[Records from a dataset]
= = = =

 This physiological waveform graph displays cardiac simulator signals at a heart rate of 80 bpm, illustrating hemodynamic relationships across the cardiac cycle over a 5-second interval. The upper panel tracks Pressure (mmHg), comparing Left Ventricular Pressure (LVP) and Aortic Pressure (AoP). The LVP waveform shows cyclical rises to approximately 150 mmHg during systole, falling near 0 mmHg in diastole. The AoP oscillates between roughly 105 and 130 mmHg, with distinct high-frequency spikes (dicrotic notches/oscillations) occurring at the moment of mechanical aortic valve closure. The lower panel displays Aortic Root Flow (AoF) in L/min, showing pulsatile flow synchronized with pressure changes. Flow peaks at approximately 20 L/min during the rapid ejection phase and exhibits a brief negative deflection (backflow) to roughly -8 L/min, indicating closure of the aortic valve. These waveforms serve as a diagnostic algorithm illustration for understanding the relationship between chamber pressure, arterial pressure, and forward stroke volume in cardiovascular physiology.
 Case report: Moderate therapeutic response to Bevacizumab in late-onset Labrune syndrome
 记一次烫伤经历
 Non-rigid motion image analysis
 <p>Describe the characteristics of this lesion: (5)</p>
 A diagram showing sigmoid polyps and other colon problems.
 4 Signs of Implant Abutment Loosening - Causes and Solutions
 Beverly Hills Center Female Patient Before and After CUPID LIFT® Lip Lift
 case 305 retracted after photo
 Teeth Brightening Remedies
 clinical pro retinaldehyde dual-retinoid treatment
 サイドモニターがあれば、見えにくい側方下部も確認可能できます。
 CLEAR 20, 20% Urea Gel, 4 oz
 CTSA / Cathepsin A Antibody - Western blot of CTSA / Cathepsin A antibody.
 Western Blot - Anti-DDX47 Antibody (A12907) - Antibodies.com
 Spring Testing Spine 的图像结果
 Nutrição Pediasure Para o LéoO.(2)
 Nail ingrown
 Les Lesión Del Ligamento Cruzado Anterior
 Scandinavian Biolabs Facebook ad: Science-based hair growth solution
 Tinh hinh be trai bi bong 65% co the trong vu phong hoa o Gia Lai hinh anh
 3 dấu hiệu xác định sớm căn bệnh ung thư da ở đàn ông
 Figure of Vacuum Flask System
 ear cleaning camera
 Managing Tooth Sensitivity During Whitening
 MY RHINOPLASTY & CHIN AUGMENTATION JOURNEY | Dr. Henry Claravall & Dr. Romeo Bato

= = = =

## PROBLEM REQUIREMENTS:
Reproduce all of the records exactly.

## SOLUTION:
 This physiological waveform graph displays cardiac simulator signals at a heart rate of 80 bpm, illustrating hemodynamic relationships across the cardiac cycle over a 5-second interval. The upper panel tracks Pressure (mmHg), comparing Left Ventricular Pressure (LVP) and Aortic Pressure (AoP). The LVP waveform shows cyclical rises to approximately 150 mmHg during systole, falling near 0 mmHg in diastole. The AoP oscillates between roughly 105 and 130 mmHg, with distinct high-frequency spikes (dicrotic notches/oscillations) occurring at the moment of mechanical aortic valve closure. The lower panel displays Aortic Root Flow (AoF) in L/min, showing pulsatile flow synchronized with pressure changes. Flow peaks at approximately 20 L/min during the rapid ejection phase and exhibits a brief negative deflection (backflow) to roughly -8 L/min, indicating closure of the aortic valve. These waveforms serve as a diagnostic algorithm illustration for understanding the relationship between chamber pressure, arterial pressure, and forward stroke volume in cardiovascular physiology.
 Case report: Moderate therapeutic response to Bevacizumab in late-onset Labrune syndrome
 记一次烫伤经历
 Non-rigid motion image analysis
 <p>Describe the characteristics of this lesion: (5)</p>
 A diagram showing sigmoid polyps and other colon problems.
 4 Signs of Implant Abutment Loosening - Causes and Solutions
 Beverly Hills Center Female Patient Before and After CUPID LIFT® Lip Lift
 case 305 retracted after photo
 Teeth Brightening Remedies
 clinical pro retinaldehyde dual-retinoid treatment
 サイドモニターがあれば、見えにくい側方下部も確認可能できます。
 CLEAR 20, 20% Urea Gel, 4 oz
 CTSA / Cathepsin A Antibody - Western blot of CTSA / Cathepsin A antibody.
 Western Blot - Anti-DDX47 Antibody (A12907) - Antibodies.com
 Spring Testing Spine 的图像结果
 Nutrição Pediasure Para o LéoO.(2)
 Nail ingrown
 Les Lesión Del Ligamento Cruzado Anterior
 Scandinavian Biolabs Facebook ad: Science-based hair growth solution
 Tinh hinh be trai bi bong 65% co the trong vu phong hoa o Gia Lai hinh anh
 3 dấu hiệu xác định sớm căn bệnh ung thư da ở đàn ông
 Figure of Vacuum Flask System
 ear cleaning camera
 Managing Tooth Sensitivity During Whitening
 MY RHINOPLASTY & CHIN AUGMENTATION JOURNEY | Dr. Henry Claravall & Dr. Romeo Bato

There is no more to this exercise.